MPI

Tags: Integration, DistributedComputing, MachineLearning, KubernetesOperator, Advanced

In this section, you’ll find a demonstration of running Horovod code with the Kubeflow MPI API.

Horovod

Horovod stands as a distributed deep learning training framework compatible with TensorFlow, Keras, PyTorch and Apache MXNet. Its primary objective is to enhance the speed and usability of distributed deep learning through the implementation of ring-allreduce. This technique necessitates just a few minimal modifications to the user’s code, thereby simplifying the process of distributed deep learning.

MPI (Message Passing Interface)

The Flyte platform employs the Kubeflow training operator, to facilitate streamlined execution of all-reduce-style distributed training on Kubernetes. This integration offers a straightforward interface for conducting distributed training through the utilization of MPI.
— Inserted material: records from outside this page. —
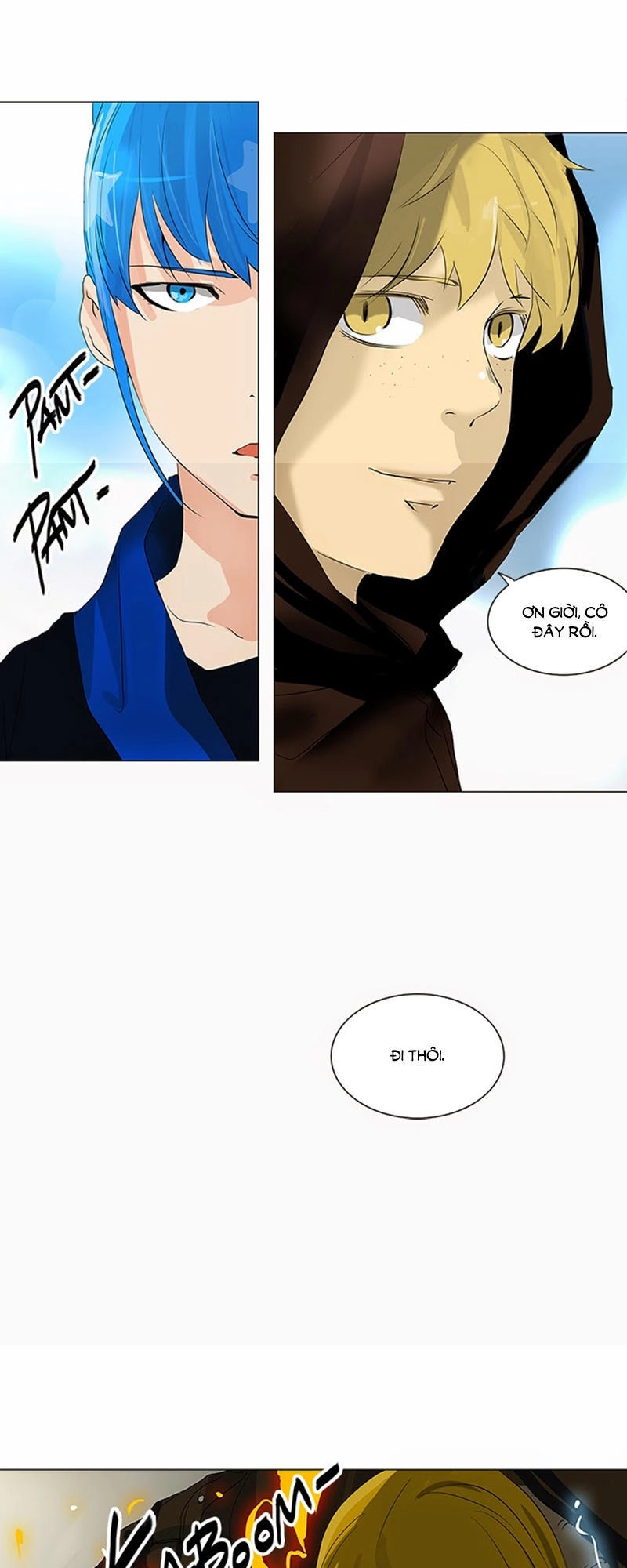 Tòa Tháp Bí Ẩn 2 Chapter 140 - 36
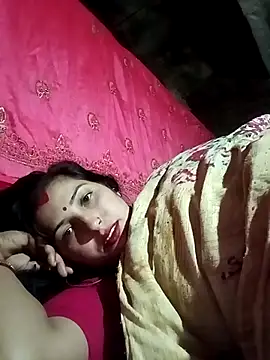 Bandna_thakur's cam snapshot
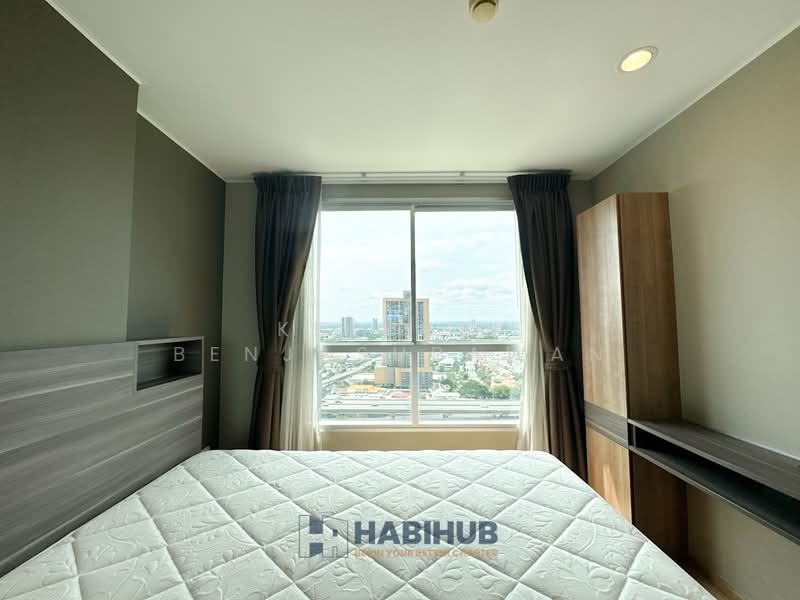 U Delight Residence Pattanakarn-Thonglor, Bangkok, 308 Phatthanakan Road, Suan Luang, Suan Luang, Bangkok, 3 Bedrooms, 70 sqm, Condo For Sale, by Keerati Benjasupawan, 500190335 - DDproperty.com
The combined power of MPI and Horovod can be harnessed to streamline the complexities of distributed training. The MPI API serves as a convenient encapsulation to execute Horovod scripts, thereby enhancing the overall efficiency of the process.

Install the plugin

Install the MPI plugin by running the following command:

pip install flytekitplugins-kfmpi

Build a Docker image

The Dockerfile should include installation commands for various components, including MPI and Horovod.

FROM ubuntu:focal
LABEL org.opencontainers.image.source https://github.com/flyteorg/flytesnacks

WORKDIR /root
ENV VENV /opt/venv
ENV LANG C.UTF-8
ENV LC_ALL C.UTF-8
ENV PYTHONPATH /root
ENV DEBIAN_FRONTEND=noninteractive

# Install Python3.10 and other libraries
RUN apt-get update \
    && apt-get install -y software-properties-common \
    && add-apt-repository ppa:ubuntu-toolchain-r/test \
    && add-apt-repository -y ppa:deadsnakes/ppa \
    && apt-get install -y \
    build-essential \
    cmake \
    g++-7 \
    curl \
    git \
    wget \
    python3.10 \
    python3.10-venv \
    python3.10-dev \
    make \
    libssl-dev \
    python3-pip \
    python3-wheel \
    libuv1

# Virtual environment
ENV VENV /opt/venv
RUN python3.10 -m venv ${VENV}
ENV PATH="${VENV}/bin:$PATH"

ENV PROTOCOL_BUFFERS_PYTHON_IMPLEMENTATION=python

# Install wheel after venv is activated
RUN pip3 install wheel

# Install Open MPI
RUN wget --progress=dot:mega -O /tmp/openmpi-4.1.4-bin.tar.gz https://download.open-mpi.org/release/open-mpi/v4.1/openmpi-4.1.4.tar.gz && \
    cd /tmp && tar -zxf /tmp/openmpi-4.1.4-bin.tar.gz && \
    mkdir openmpi-4.1.4/build && cd openmpi-4.1.4/build && ../configure --prefix=/usr/local && \
    make -j all && make install && ldconfig && \
    mpirun --version

# Allow OpenSSH to talk to containers without asking for confirmation
RUN mkdir -p /var/run/sshd
RUN cat /etc/ssh/ssh_config | grep -v StrictHostKeyChecking > /etc/ssh/ssh_config.new && \
    echo "    StrictHostKeyChecking no" >> /etc/ssh/ssh_config.new && \
    mv /etc/ssh/ssh_config.new /etc/ssh/ssh_config

# Install Python dependencies
COPY requirements.in /root
RUN pip install -r /root/requirements.in

# Install TensorFlow
# In case you encounter the "The TensorFlow library was compiled to use AVX instructions, which are not present on your machine" error,
# you can resolve it by installing TensorFlow using the following RUN instruction:
# RUN wget https://tf.novaal.de/westmere/tensorflow-2.8.0-cp310-cp310-linux_x86_64.whl && pip install tensorflow-2.8.0-cp310-cp310-linux_x86_64.whl
# Otherwise:
RUN pip install tensorflow==2.8.0

# Enable GPU
# ENV HOROVOD_GPU_OPERATIONS NCCL
RUN HOROVOD_WITH_MPI=1 pip install --no-cache-dir horovod==0.28.1

# Copy the actual code
COPY . /root/

# This tag is supplied by the build script and will be used to determine the version
# when registering tasks, workflows, and launch plans
ARG tag
ENV FLYTE_INTERNAL_IMAGE $tag

Run the example on the Flyte cluster

To run the provided example on the Flyte cluster, use the following command:

pyflyte run --remote \
  --image ghcr.io/flyteorg/flytecookbook:kfmpi_plugin-latest \
  https://raw.githubusercontent.com/flyteorg/flytesnacks/master/examples/kfmpi_plugin/kfmpi_plugin/mpi_mnist.py \
  horovod_training_wf